__Collected material__
= Beginning of Section =
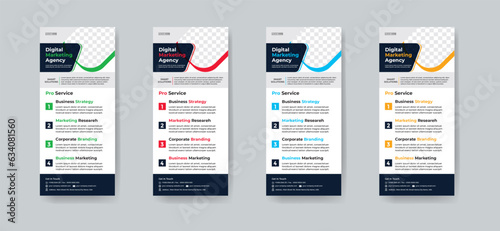 Modern creative corporate business dl flyer or rack card layout concept background flyer brochure cover template for grow up your business to the next level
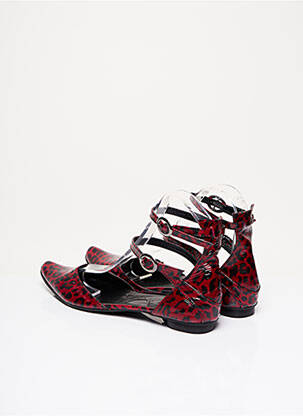 Sandales/nu pieds chiquet talon plat jusqu'à 3cm rouge IPPON STYL femme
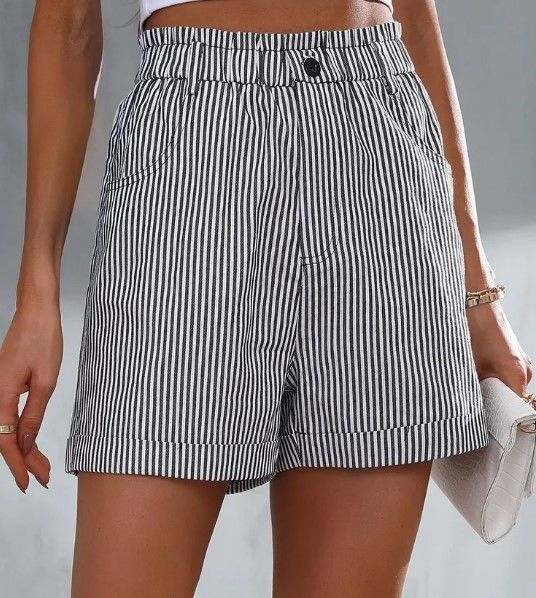 High Waist Stripe Print Shorts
= End of Section =
__Your goal__
Only the pictures are to be left out; all other material is to be output exactly.

__Exercise solution__
 Modern creative corporate business dl flyer or rack card layout concept background flyer brochure cover template for grow up your business to the next level
 Sandales/nu pieds chiquet talon plat jusqu'à 3cm rouge IPPON STYL femme
 High Waist Stripe Print Shorts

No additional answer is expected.